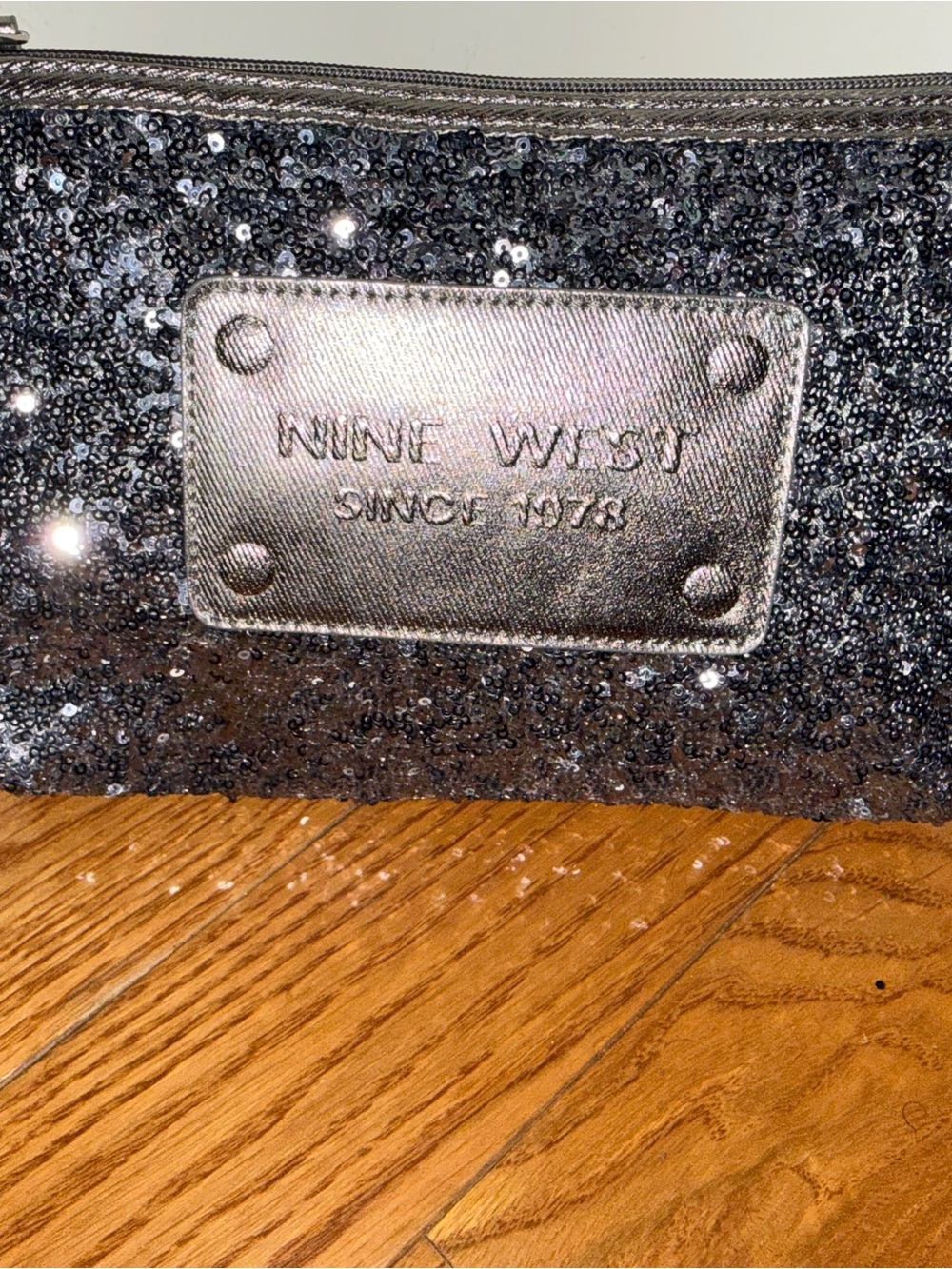 Nine West Black Sequin Wristlet Clutch with Metallic Logo Plate.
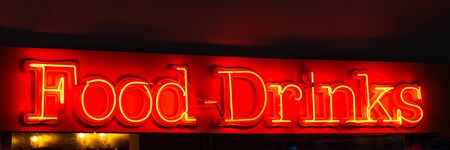 Red neon sign title Food and Drinks.の写真素材
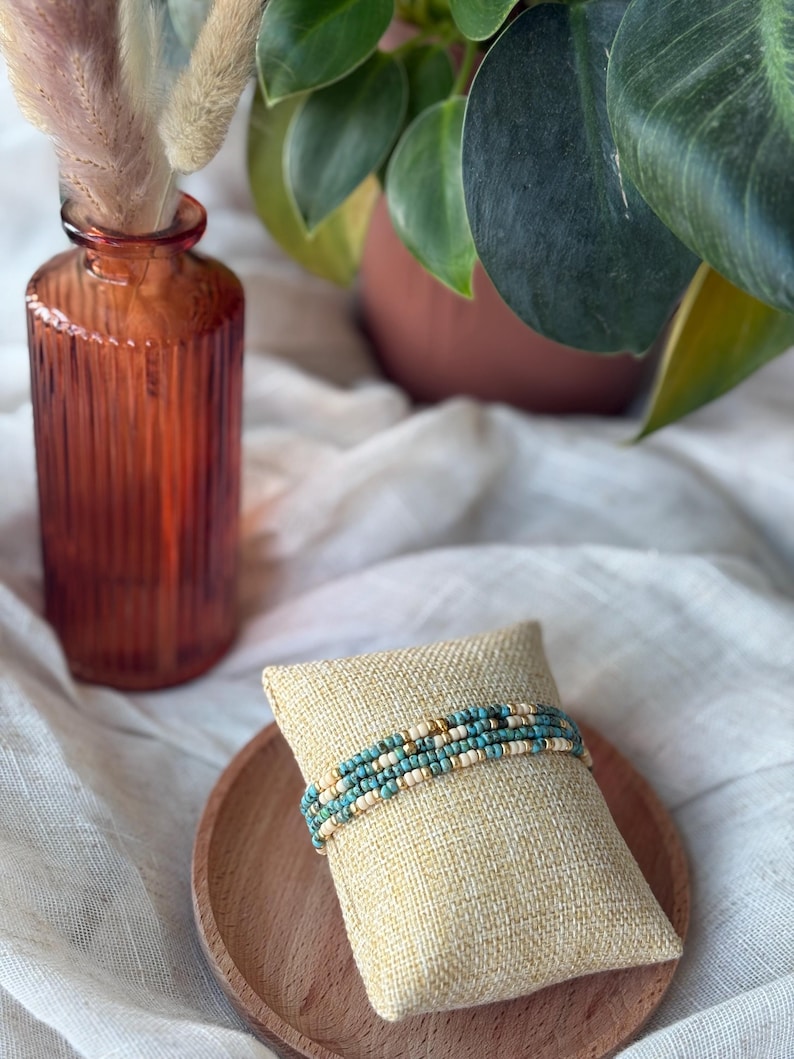 May include: A beaded bracelet with turquoise, cream, and gold beads rests on a small, square, beige pillow. The pillow sits on a round, wooden tray. A textured, orange glass vase with dried flowers and a potted plant are in the background.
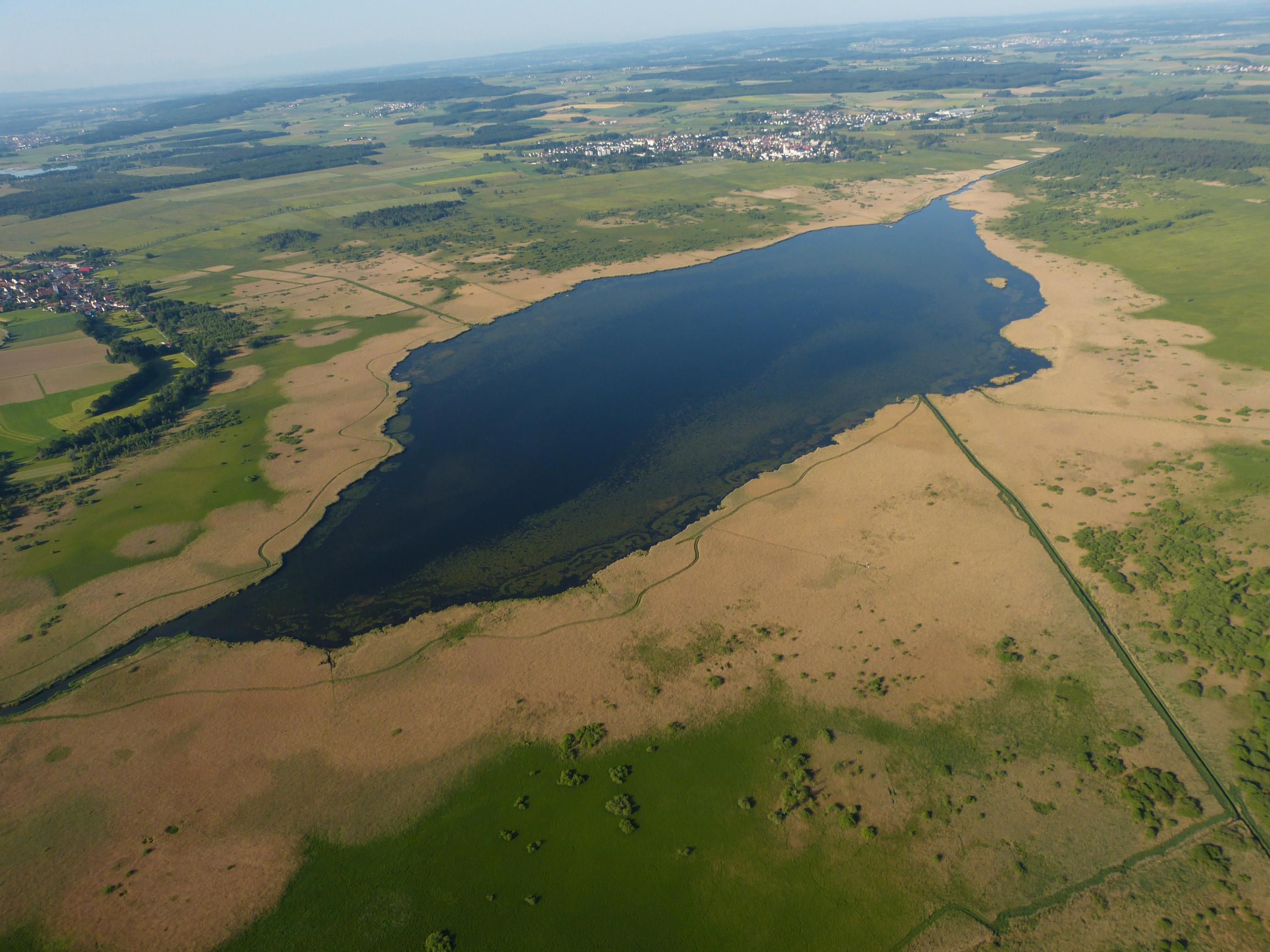 Luftaufnahme des Federsees, von Süden ausgesehen. Rund um die Wasserfläche dehnen sich Röhricht und Seggen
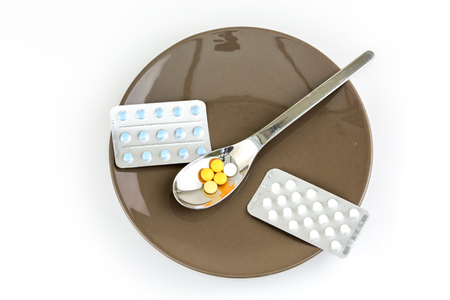 Still life on a plate with colorful pills in blishter packs and on a tea spoon with white backgroundの写真素材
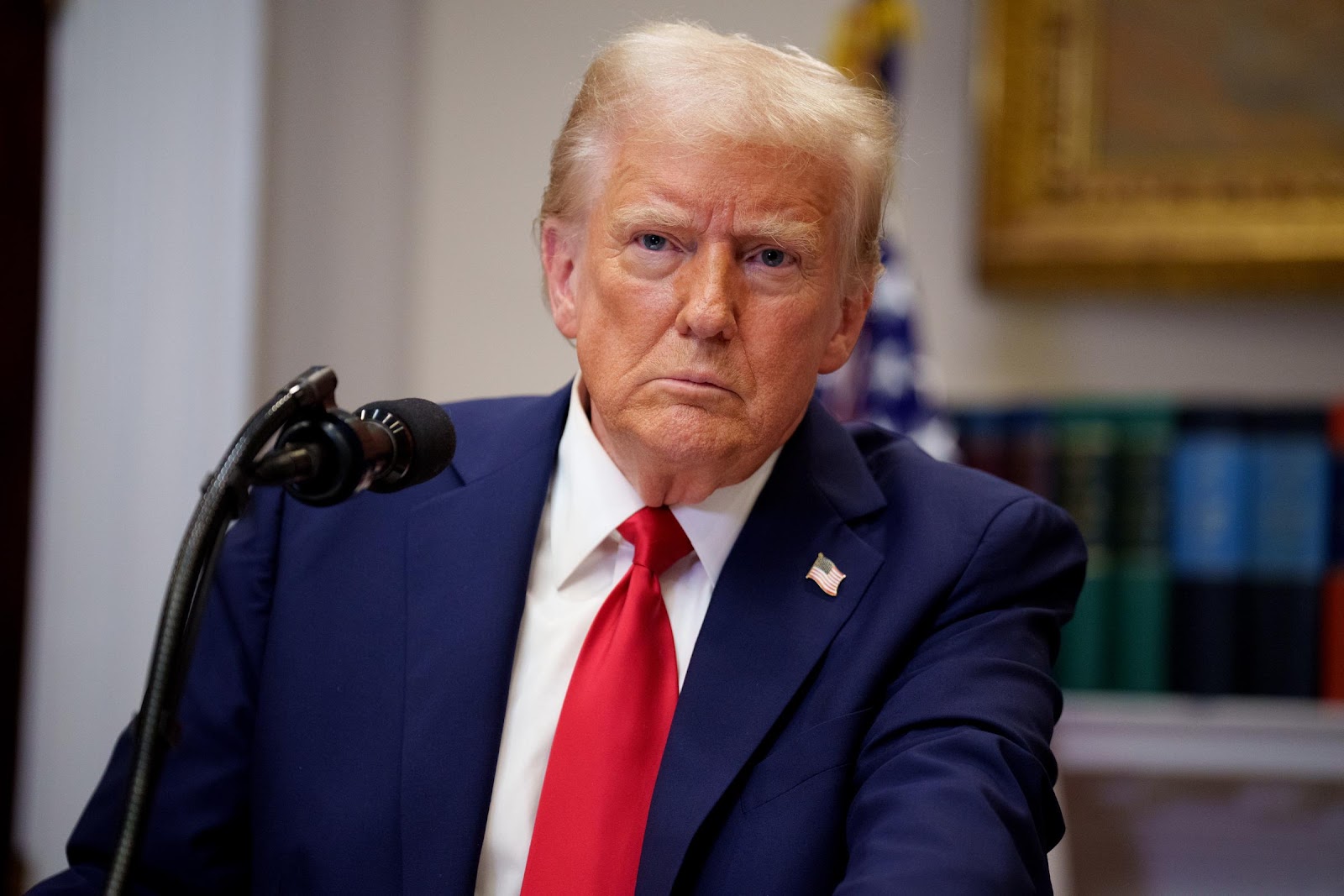 President Donald Trump taking a question from a reporter during a news conference in Washington, D.C., on January 21, 2025. | Source: Getty Images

Aim of the exercise. The data above must be copied exactly. Leave out the pictures.

Exercise solution.
 Nine West Black Sequin Wristlet Clutch with Metallic Logo Plate.
 Red neon sign title Food and Drinks.の写真素材
 May include: A beaded bracelet with turquoise, cream, and gold beads rests on a small, square, beige pillow. The pillow sits on a round, wooden tray. A textured, orange glass vase with dried flowers and a potted plant are in the background.
 Luftaufnahme des Federsees, von Süden ausgesehen. Rund um die Wasserfläche dehnen sich Röhricht und Seggen
 Still life on a plate with colorful pills in blishter packs and on a tea spoon with white backgroundの写真素材
 President Donald Trump taking a question from a reporter during a news conference in Washington, D.C., on January 21, 2025. | Source: Getty Images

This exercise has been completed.